Ainsi, et pour diverses raisons, les résultats des solutions mises en œuvre étant jugés en deçà de l’accord-cadre de règlement des problèmes du Nord, d’autres moyens de résolution du conflit seront recherchés à travers la médiation du Burkina Faso. L’organisation des « pays du champ » dont la stratégie de lutte nécessiterait, selon les déclarations des MAE du Mali et du Niger lors de la réunion des pays du champ tenue à Alger les 7 et 8 septembre 2011, un soutien extérieur et plus d’engagement sur le terrain, n’aura connu qu’une éphémère existence.
L’Algérie peut-elle se désengager d’un conflit qui se déroule à ses frontières ? Dans la situation présente, l’Algérie, incontournable dans le règlement de « la question touareg », dispose de cartes maîtresses pour juguler la menace et ne peut permettre sa mise à l’écart, car les dynamiques transfrontalières, vecteurs de diffusion et d’amplification des facteurs de crise et de conflits, ne manqueront certainement pas de l’entraîner dans leur tourbillon. De même, un dénouement heureux sans l’Algérie affaiblirait son poids dans la sous-région, tandis qu’une évolution catastrophique pèserait particulièrement sur notre pays. Accepter un rôle d’observateur c’est soumettre le devenir de la sous-région au jeu de la roulette russe.
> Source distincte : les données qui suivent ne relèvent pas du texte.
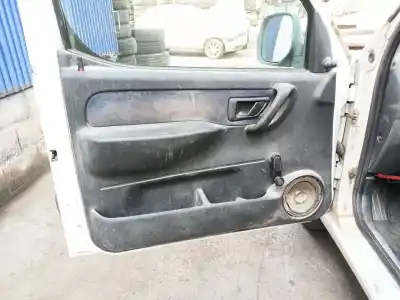 Veicolo di demolizione peugeot partner monospace (5_, g_) 1.9 d dell'anno 2003 alimentato wjy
L’expérience de la Cédéao, riche en matière de prévention et de gestion des conflits grâce au dispositif d’alerte précoce, n’explique pas sa focalisation sur l’option militaire en réponse à une manifestation de la vie : le problème des populations du Nord. Dans le cas présent, on est loin des conflits armés les plus destructeurs et des crises sociopolitiques les plus sanglantes qu’a connues l’Afrique de l’Ouest, particulièrement au Liberia, en Sierra Leone, au Togo, en Guinée et en Casamance. Pourquoi l’UA s’est-elle vite engagée sur le chemin de la Cédéao, malgré la lettre ouverte adressée à son président par Mme Zakia Welet Halatine, membre du MNLA et ancienne ministre de l’Artisanat dans laquelle elle rappelle et avertit en même temps : « Nous avons toujours réclamé un tel dialogue : incapables de sagesse parce que dans le registre de la ruse, les personnes en charge du dossier n’ont répondu que par des manœuvres de division : l’envoi de forces militaires, les pogromes et les exactions de toutes sortes (…) Appeler à une intervention militaire sur le sol d’un peuple, sans l’avoir consulté n’est pas porteur de paix durable. »
L’UE également et la France par la voix de son président ne voient de possibilité de rétablissement de l’ordre que par la guerre au nord du Mali, alors que la solution est connue par tous les acteurs : la rébellion, le pouvoir central de Bamako, celui de ATT du moins, et les pays auxquels est lié le Mali, c’est-à-dire les pays du champ, la Libye et la Cédéao.
De même, l’accélération du montage d’une armée africaine en Côte d’Ivoire, appelée Micema (mission de la Cédéao au Mali) destinée à intervenir au Mali contre une menace… hybride et l’insoumission des putschistes au gouvernement de transition malgré les signes d’apaisement lancés, du moins par le MNLA, exacerbent les tensions. A la dernière rencontre (9 juin 2012) avec le président burkinabé, Blaise Compaoré, médiateur de la Cédéao pour la crise au Mali, les représentants du mouvement ont exprimé leur disponibilité à une solution négociée : « Le MNLA se met à la disposition de la Cédéao et de la communauté internationale pour trouver une sortie honorable à la crise au Mali. » Si les premiers prennent le risque d’embraser la sous-région, les seconds s’inscrivent dans l’application de cette nouvelle forme de résolution ou d’atténuation des conflits impliquant des minorités : l’autonomie.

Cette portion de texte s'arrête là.